### Data items
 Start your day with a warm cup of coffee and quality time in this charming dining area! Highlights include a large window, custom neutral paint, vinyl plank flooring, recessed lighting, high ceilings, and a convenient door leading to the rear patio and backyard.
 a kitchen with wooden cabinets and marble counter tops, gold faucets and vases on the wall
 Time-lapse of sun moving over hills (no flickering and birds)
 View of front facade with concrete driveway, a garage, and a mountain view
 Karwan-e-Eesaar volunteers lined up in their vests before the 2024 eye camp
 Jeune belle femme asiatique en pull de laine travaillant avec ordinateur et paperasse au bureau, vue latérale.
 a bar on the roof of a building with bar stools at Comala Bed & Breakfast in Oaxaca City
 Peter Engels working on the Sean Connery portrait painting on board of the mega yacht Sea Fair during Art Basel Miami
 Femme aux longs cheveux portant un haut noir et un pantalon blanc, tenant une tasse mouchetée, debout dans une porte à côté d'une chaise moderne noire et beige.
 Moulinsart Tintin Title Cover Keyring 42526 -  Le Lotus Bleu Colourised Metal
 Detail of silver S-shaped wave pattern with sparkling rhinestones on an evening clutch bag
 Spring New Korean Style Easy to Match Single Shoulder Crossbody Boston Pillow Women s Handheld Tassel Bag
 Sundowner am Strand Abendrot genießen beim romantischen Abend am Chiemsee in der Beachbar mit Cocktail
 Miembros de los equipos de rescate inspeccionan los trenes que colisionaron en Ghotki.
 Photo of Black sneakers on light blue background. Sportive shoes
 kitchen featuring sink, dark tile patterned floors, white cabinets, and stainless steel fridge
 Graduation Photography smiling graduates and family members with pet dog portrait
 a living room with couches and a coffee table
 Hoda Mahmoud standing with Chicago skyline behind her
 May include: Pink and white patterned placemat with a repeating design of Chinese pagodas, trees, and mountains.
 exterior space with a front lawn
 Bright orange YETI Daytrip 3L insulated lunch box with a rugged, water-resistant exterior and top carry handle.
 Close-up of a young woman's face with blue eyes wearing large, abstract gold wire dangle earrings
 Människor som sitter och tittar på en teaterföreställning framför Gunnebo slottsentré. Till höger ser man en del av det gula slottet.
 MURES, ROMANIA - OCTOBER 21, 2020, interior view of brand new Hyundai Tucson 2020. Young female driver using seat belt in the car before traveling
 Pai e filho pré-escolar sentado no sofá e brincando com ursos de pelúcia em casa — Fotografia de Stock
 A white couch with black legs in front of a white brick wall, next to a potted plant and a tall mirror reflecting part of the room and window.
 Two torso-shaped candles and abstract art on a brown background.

### EXERCISE REQUIREMENTS
Extract all of the data shown above without alteration.

### FINISHED TASK
 Start your day with a warm cup of coffee and quality time in this charming dining area! Highlights include a large window, custom neutral paint, vinyl plank flooring, recessed lighting, high ceilings, and a convenient door leading to the rear patio and backyard.
 a kitchen with wooden cabinets and marble counter tops, gold faucets and vases on the wall
 Time-lapse of sun moving over hills (no flickering and birds)
 View of front facade with concrete driveway, a garage, and a mountain view
 Karwan-e-Eesaar volunteers lined up in their vests before the 2024 eye camp
 Jeune belle femme asiatique en pull de laine travaillant avec ordinateur et paperasse au bureau, vue latérale.
 a bar on the roof of a building with bar stools at Comala Bed & Breakfast in Oaxaca City
 Peter Engels working on the Sean Connery portrait painting on board of the mega yacht Sea Fair during Art Basel Miami
 Femme aux longs cheveux portant un haut noir et un pantalon blanc, tenant une tasse mouchetée, debout dans une porte à côté d'une chaise moderne noire et beige.
 Moulinsart Tintin Title Cover Keyring 42526 -  Le Lotus Bleu Colourised Metal
 Detail of silver S-shaped wave pattern with sparkling rhinestones on an evening clutch bag
 Spring New Korean Style Easy to Match Single Shoulder Crossbody Boston Pillow Women s Handheld Tassel Bag
 Sundowner am Strand Abendrot genießen beim romantischen Abend am Chiemsee in der Beachbar mit Cocktail
 Miembros de los equipos de rescate inspeccionan los trenes que colisionaron en Ghotki.
 Photo of Black sneakers on light blue background. Sportive shoes
 kitchen featuring sink, dark tile patterned floors, white cabinets, and stainless steel fridge
 Graduation Photography smiling graduates and family members with pet dog portrait
 a living room with couches and a coffee table
 Hoda Mahmoud standing with Chicago skyline behind her
 May include: Pink and white patterned placemat with a repeating design of Chinese pagodas, trees, and mountains.
 exterior space with a front lawn
 Bright orange YETI Daytrip 3L insulated lunch box with a rugged, water-resistant exterior and top carry handle.
 Close-up of a young woman's face with blue eyes wearing large, abstract gold wire dangle earrings
 Människor som sitter och tittar på en teaterföreställning framför Gunnebo slottsentré. Till höger ser man en del av det gula slottet.
 MURES, ROMANIA - OCTOBER 21, 2020, interior view of brand new Hyundai Tucson 2020. Young female driver using seat belt in the car before traveling
 Pai e filho pré-escolar sentado no sofá e brincando com ursos de pelúcia em casa — Fotografia de Stock
 A white couch with black legs in front of a white brick wall, next to a potted plant and a tall mirror reflecting part of the room and window.
 Two torso-shaped candles and abstract art on a brown background.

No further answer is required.